AMUDE/QAMISHLI, Syria — The Turkish drone hung silently in the late night sky, shining its light on a nameless hamlet close to a Russian military base south of Amude. The Turks usually targeted vehicles carrying military personnel. But they were ordinary people and had no reason to worry, thought Ronak Mohammed as she, her husband, Munir, and her brother Ciwan piled into the family car. Within minutes, the white Hyundai erupted in flames, shuddering violently as shrapnel and broken glass flew everywhere.

"The drone stayed there for an hour and a half after it dropped its bomb," Mohammed recalled, as she sat stricken on the floor of her family home in Amude, her face swathed in bandages and her eyes filled with fear. Munir, who was driving, also survived the Nov. 23 drone strike with minor injuries. The couple had been married for a month. However, 35-year-old Ciwan, who sat in the passenger seat, succumbed to his wounds in the hospital, adding to the swelling list of civilians who have died in Turkey's ongoing military campaign against Kurdish-controlled northeastern Syria. "Why did they do this?" she asked.

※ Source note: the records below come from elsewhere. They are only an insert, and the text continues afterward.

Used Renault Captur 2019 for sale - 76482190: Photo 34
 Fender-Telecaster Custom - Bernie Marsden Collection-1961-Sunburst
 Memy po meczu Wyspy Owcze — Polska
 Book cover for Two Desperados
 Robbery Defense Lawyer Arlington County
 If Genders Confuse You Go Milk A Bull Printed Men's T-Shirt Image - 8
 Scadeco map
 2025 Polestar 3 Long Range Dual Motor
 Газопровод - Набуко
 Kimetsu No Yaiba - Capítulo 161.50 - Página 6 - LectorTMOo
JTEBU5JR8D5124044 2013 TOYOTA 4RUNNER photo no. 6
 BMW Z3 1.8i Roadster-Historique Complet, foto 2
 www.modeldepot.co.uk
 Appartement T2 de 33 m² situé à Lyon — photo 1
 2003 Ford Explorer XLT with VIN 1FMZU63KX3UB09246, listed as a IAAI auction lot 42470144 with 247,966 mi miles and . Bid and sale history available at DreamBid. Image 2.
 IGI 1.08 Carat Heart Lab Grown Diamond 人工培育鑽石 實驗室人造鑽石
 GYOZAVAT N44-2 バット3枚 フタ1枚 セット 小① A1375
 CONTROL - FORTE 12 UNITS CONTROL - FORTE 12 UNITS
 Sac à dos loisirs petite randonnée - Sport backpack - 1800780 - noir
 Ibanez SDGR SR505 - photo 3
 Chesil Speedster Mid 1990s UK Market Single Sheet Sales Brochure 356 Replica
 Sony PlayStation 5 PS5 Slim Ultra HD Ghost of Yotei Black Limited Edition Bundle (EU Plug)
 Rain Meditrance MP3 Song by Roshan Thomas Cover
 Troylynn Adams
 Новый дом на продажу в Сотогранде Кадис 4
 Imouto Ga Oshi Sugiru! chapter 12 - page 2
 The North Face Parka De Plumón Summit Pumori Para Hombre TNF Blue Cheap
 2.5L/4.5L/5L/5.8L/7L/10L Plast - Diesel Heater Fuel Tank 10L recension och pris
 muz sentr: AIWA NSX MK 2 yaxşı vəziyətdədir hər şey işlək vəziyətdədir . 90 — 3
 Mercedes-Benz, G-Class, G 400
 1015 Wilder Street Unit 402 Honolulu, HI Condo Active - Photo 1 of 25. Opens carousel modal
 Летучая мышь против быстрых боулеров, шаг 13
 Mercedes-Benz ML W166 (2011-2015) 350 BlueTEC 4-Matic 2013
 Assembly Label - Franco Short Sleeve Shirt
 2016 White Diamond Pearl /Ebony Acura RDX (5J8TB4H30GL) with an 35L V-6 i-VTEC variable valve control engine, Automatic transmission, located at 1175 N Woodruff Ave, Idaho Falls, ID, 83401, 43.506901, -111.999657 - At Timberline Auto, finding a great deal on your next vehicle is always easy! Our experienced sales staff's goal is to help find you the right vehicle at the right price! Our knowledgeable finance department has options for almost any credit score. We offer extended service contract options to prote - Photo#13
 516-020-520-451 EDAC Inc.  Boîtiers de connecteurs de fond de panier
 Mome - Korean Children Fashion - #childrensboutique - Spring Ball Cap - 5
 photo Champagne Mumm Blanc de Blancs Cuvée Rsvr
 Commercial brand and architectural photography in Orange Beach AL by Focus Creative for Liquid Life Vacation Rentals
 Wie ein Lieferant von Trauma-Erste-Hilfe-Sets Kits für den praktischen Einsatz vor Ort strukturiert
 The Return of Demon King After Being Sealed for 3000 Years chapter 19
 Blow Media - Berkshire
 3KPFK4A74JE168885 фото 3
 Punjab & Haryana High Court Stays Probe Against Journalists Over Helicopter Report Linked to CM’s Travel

Turkey has long claimed that the Kurdish-led administration in northeast Syria and its military arm pose a threat to its national security because of their links to the Kurdistan Workers Party (PKK), and has since 2016 mounted three major ground offensives against the Kurdish-led zone occupying large swathes of territory. The escalation began after the government of Turkish President Recep Tayyip Erdogan ended peace talks with the PKK and with it a two-and-a-half-year-long mutually observed cease-fire, during which Syrian Kurdish leaders would frequently travel to Ankara as part of an envisaged deal that would incorporate Syria’s Kurds as well.

The United States’ military intervention in 2014 against the Islamic State (ISIS) on the side of the Syrian Kurds was a key factor in upending the talks as age-old Turkish fears of the United States’ purported agenda of creating an independent Kurdish state that would include large chunks of Turkey’s Kurdish majority southeast resurfaced. Turkey has since been ensuring, as it sees things, to disrupt any such plans through a combination of military, diplomatic and economic pressure, including the targeted assassinations of alleged PKK operatives by Turkey’s national intelligence agency, MIT.